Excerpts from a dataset
-----

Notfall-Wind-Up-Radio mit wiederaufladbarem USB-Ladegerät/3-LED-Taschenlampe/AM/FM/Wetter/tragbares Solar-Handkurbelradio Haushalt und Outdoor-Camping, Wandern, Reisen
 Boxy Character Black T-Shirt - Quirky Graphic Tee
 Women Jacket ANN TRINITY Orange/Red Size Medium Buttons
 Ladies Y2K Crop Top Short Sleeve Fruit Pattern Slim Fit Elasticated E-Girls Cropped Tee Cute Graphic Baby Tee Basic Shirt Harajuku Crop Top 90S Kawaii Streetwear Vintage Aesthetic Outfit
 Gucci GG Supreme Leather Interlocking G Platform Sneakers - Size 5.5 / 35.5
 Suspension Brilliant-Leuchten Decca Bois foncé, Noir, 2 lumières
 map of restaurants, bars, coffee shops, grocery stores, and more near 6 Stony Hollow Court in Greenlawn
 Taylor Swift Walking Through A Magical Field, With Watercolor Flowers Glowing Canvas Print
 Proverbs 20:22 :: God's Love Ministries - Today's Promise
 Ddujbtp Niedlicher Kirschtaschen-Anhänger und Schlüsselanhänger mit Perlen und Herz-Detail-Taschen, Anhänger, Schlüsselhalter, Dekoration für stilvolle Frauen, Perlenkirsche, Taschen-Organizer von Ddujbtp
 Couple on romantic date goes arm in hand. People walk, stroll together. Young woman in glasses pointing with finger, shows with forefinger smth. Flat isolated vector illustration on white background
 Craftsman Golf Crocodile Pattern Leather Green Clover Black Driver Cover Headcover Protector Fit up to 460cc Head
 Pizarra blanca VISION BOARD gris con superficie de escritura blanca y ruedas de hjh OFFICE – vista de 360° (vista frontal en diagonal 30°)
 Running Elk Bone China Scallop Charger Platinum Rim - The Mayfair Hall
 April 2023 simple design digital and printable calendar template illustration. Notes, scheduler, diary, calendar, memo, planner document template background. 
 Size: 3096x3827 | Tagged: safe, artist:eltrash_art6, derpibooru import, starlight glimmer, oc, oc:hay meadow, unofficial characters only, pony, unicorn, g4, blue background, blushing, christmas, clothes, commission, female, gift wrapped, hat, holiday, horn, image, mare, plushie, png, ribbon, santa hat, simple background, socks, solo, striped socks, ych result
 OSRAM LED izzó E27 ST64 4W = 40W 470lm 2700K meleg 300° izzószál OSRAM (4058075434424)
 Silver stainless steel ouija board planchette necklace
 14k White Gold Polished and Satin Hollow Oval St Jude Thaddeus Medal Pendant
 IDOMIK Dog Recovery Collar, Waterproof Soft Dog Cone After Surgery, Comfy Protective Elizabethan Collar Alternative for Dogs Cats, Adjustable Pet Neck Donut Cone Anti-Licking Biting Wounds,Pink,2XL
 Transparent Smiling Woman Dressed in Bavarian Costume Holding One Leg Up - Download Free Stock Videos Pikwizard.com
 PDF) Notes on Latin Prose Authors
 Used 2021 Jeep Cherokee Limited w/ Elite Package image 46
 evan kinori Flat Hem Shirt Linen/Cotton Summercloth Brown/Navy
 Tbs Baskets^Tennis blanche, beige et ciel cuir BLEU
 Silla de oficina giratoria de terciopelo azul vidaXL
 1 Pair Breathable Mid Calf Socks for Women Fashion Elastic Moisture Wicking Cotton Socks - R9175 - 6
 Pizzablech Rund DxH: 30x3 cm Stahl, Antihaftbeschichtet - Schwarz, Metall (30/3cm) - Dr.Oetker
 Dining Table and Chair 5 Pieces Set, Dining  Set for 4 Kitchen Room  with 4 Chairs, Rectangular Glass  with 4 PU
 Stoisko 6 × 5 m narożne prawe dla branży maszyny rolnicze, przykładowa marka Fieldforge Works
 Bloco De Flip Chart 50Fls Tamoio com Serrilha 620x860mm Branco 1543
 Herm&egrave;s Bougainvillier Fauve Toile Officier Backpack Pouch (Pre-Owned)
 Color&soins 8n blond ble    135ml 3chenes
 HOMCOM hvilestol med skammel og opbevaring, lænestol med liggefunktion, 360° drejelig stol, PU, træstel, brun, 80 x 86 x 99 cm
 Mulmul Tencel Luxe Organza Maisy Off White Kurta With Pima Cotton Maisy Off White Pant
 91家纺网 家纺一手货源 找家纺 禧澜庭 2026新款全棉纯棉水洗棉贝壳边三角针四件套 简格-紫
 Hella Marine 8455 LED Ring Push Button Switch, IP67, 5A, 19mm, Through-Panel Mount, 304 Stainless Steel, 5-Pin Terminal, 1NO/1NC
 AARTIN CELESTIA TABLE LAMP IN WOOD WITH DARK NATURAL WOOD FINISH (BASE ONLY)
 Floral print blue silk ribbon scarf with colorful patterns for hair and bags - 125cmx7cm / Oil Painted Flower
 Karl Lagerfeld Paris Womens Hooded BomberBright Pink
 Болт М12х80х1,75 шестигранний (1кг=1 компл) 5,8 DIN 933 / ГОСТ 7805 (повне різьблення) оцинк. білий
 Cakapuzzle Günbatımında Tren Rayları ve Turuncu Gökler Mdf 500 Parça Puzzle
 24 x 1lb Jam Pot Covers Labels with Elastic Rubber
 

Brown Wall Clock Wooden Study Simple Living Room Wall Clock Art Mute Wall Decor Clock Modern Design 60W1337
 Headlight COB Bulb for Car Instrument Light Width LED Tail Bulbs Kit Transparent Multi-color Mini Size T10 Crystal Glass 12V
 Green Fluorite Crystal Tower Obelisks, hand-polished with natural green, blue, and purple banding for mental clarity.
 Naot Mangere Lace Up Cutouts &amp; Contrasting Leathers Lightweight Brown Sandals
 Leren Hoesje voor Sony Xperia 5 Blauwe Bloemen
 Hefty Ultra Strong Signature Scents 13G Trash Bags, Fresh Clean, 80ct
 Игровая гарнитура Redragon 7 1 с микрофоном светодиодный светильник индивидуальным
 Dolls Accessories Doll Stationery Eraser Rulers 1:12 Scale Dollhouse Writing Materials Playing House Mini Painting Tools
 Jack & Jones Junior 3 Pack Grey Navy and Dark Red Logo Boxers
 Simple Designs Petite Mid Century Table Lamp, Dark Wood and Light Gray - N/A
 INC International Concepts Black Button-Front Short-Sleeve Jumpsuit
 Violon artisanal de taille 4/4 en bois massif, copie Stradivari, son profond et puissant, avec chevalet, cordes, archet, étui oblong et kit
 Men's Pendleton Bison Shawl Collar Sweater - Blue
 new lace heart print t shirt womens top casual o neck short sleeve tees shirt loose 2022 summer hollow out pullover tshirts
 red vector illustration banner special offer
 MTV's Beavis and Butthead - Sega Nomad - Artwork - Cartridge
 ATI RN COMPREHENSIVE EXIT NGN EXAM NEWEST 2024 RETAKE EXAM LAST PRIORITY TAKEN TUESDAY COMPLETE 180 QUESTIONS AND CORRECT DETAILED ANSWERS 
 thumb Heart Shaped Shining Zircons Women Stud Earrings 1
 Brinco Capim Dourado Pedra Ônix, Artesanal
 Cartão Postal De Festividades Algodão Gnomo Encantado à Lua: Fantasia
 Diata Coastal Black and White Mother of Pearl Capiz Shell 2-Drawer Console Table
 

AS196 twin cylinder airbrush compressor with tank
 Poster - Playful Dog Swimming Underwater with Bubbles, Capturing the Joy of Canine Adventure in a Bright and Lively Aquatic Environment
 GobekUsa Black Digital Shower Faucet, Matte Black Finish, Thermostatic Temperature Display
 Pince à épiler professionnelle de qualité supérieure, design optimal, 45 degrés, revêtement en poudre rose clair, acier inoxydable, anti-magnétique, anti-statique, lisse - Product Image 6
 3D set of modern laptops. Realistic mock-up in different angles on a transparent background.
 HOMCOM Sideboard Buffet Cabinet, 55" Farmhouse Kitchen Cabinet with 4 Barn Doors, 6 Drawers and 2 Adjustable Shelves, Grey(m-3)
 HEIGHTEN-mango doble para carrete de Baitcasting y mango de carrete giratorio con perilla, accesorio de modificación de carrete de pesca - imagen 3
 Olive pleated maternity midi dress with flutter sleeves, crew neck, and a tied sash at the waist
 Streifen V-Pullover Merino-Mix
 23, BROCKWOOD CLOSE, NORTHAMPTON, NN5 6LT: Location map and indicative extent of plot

-----

TASK GOAL: Every line above carrying the word "Grey" needs to be shown.

ANSWER BOX:
 Jack & Jones Junior 3 Pack Grey Navy and Dark Red Logo Boxers
 HOMCOM Sideboard Buffet Cabinet, 55" Farmhouse Kitchen Cabinet with 4 Barn Doors, 6 Drawers and 2 Adjustable Shelves, Grey(m-3)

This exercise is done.